Season 9 of Art in the Twenty-First Century charts art-making in three urban centers across three continents: Berlin, Johannesburg, and the San Francisco Bay Area. From the post-Cold War cultural and economic rebirth in Berlin, to the dramatic fall of apartheid in South Africa and the technological boom in the Bay Area, the twelve artists and one non-profit art center highlighted in this season respond to the forces that have shaped the places where they live and work, while pursuing their personal visions for a better future.
As each artist draws inspiration from their surrounding communities, they also travel to museums and public spaces internationally to share their work, reminding us of the increasingly global nature of the world we live in. The artists in this season examine the complicated histories of colonization, war and migration, offer new perspectives on our interactions with technology and the environment, critique our conceptions of gender, sexuality, and race, and ultimately inspire us to see our world in new ways.
Included this season are Creative Growth Art Center, Nathalie Djurberg and Hans Berg, Olafur Eliasson, David Goldblatt, Katy Grannan, Nicholas Hlobo, Hiwa K, Lynn Hershman Leeson, Zanele Muholi, Susan Philipsz, Robin Rhode, and Stephanie Syjuco.

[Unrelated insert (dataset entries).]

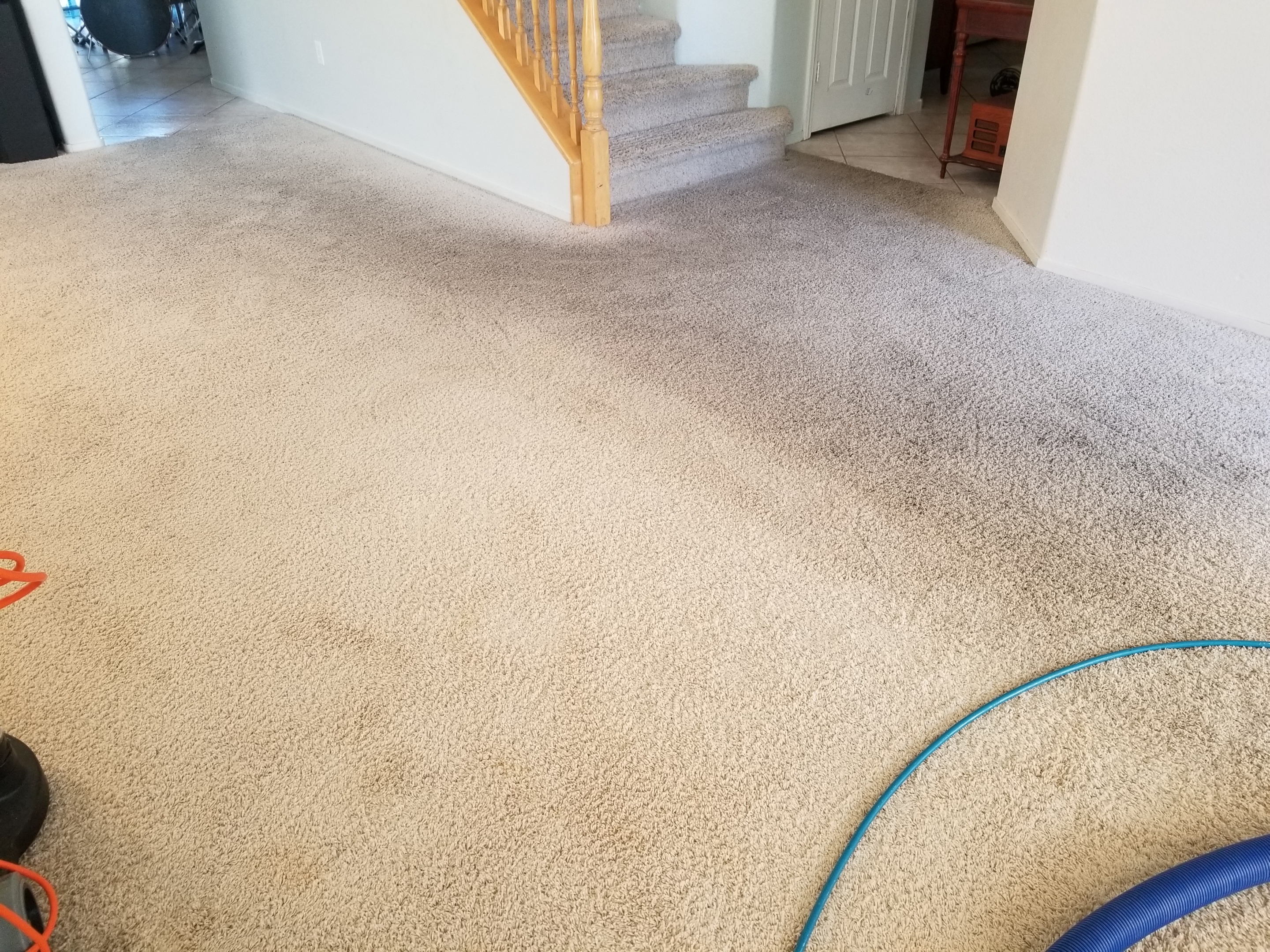 dirty carpet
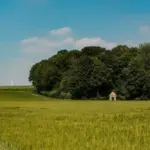 lush green lawn Netherlands garden healthy grass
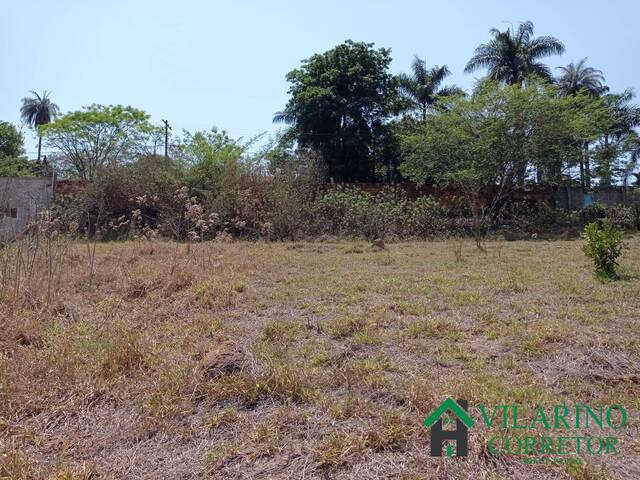 Lote para Venda em Belo Horizonte - 4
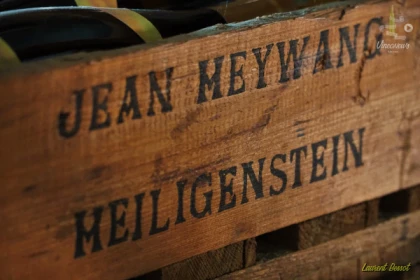 Les Sens du Vin - Bonjour Alsace
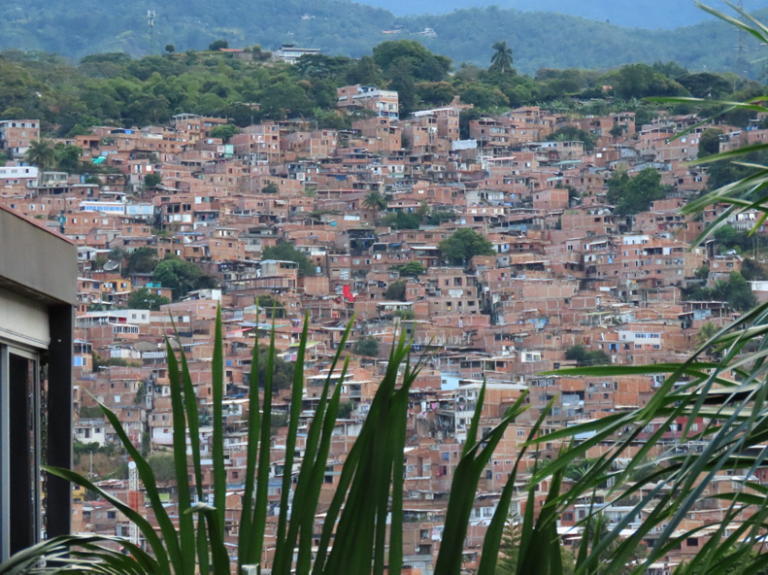 Dense hillside settlement with many small brick houses and some vegetation in the foreground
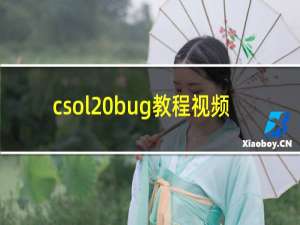 csol bug教程视频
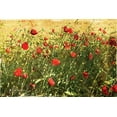 thumbnail image 2 of Villa, Mlli 18x13 Gold Ornate Wood Framed with Double Matting Museum Art Print Titled - Pack Of Poppies, 2 of 4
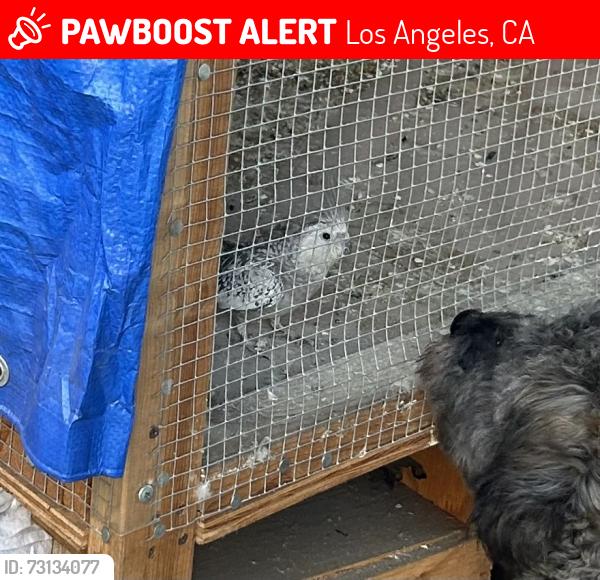 Lost Female Bird last seen Between San Pedro and Main st, Los Angeles, CA 90003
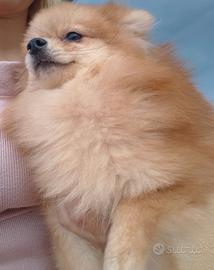 Pomerania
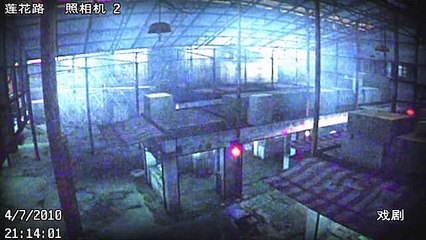 Kane & Lynch 2: Dog Days - De incógnito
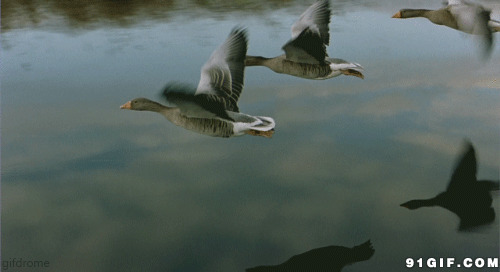 大雁飞过河面高清图片:大雁,动物
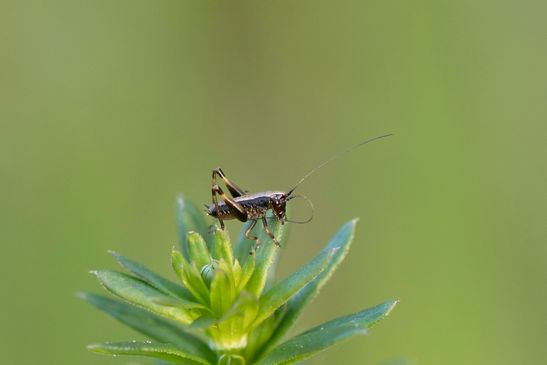 Gemeine Strauchschrecke      Pholidoptera griseoaptera         1.Nymphenstadium        ( Sachsen - Anhalt Mai 2026 )   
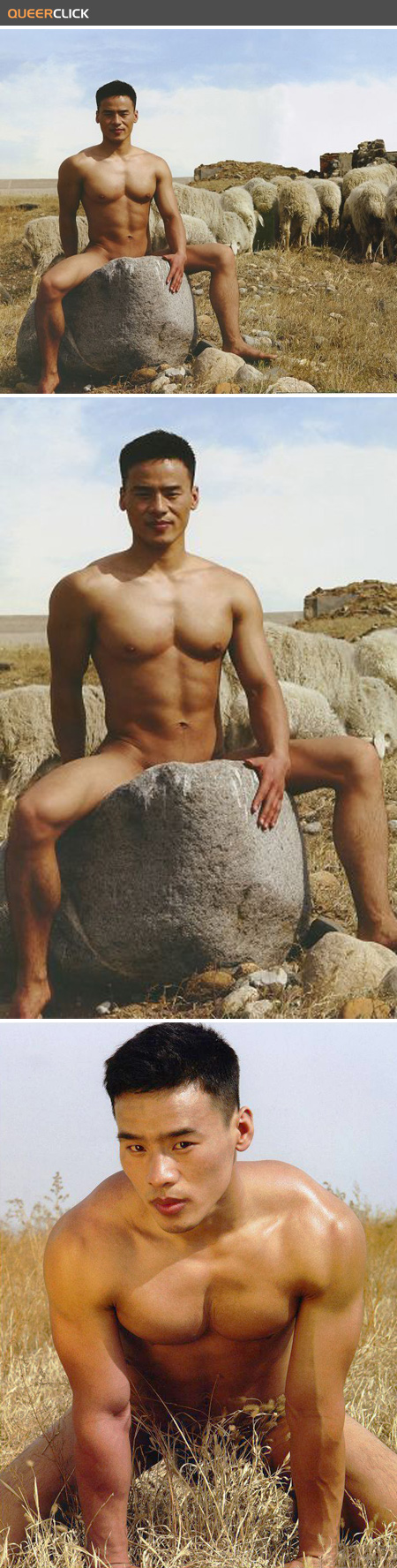 hot_asian_sheep.jpg
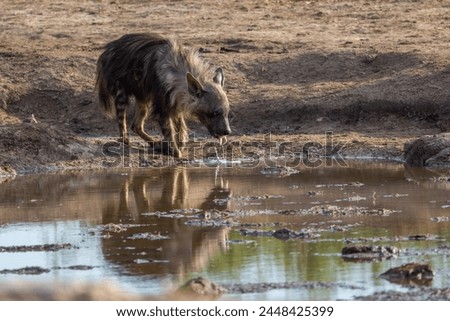A brown hyena drinks from a waterhole in the Kalahari desert in Botswana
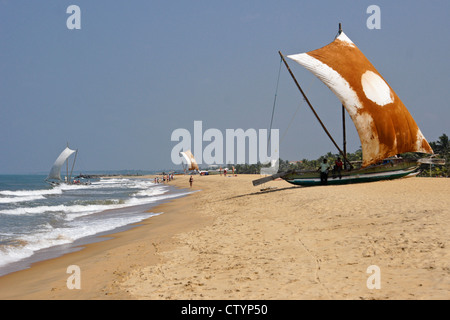 Ausleger Angelboote/Fischerboote (Oru) am Strand, Negombo, Sri Lanka Stockfoto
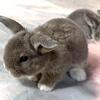 Mini Plush Lops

Season 9 premiered September 21, 2018 on PBS.
May 2, 2018
Trailer for Season 9 (2018) of the Peabody Award-winning “Art in the Twenty-First Century” television series.
A longtime home for political progressives and technological pioneers, the San Francisco Bay Area is a magnet for artists who are drawn to its experimental atmosphere, countercultural spirit, and history of innovation. In addition to three artists working across photography, installation, and new media, this episode features a non-profit art center, spotlighting multiple artists with physical and cognitive disabilities who work across a range of mediums. The artists in this hour are united by their steadfastness and persistence in creating; their art serves as an essential expression of their experience of the world.
Since the dramatic fall of apartheid in 1994, Johannesburg has emerged as the artistic capital of sub-Saharan Africa. This episode tells the story of four artists from a diversity of South African ethnic backgrounds, identities and generations working across photography, painting, sculpture, and performance. Collectively, the artists in this hour use their work to empower marginalized communities, reexamine history, and pursue their visions for South Africa’s future.
A city still in the midst of a post–Cold War cultural and economic rebirth, since the 1990s Berlin has become a haven for artists from all over the world—a free zone where experimentation, individual expression, and international influences converge. From creating large-scale public projects to intimately personal ones, the artists in this episode demonstrate the diversity of practice and sensibilities in the German capital, expose its complicated history of war and migration, and convey hopes for finding systems that foster a better tomorrow.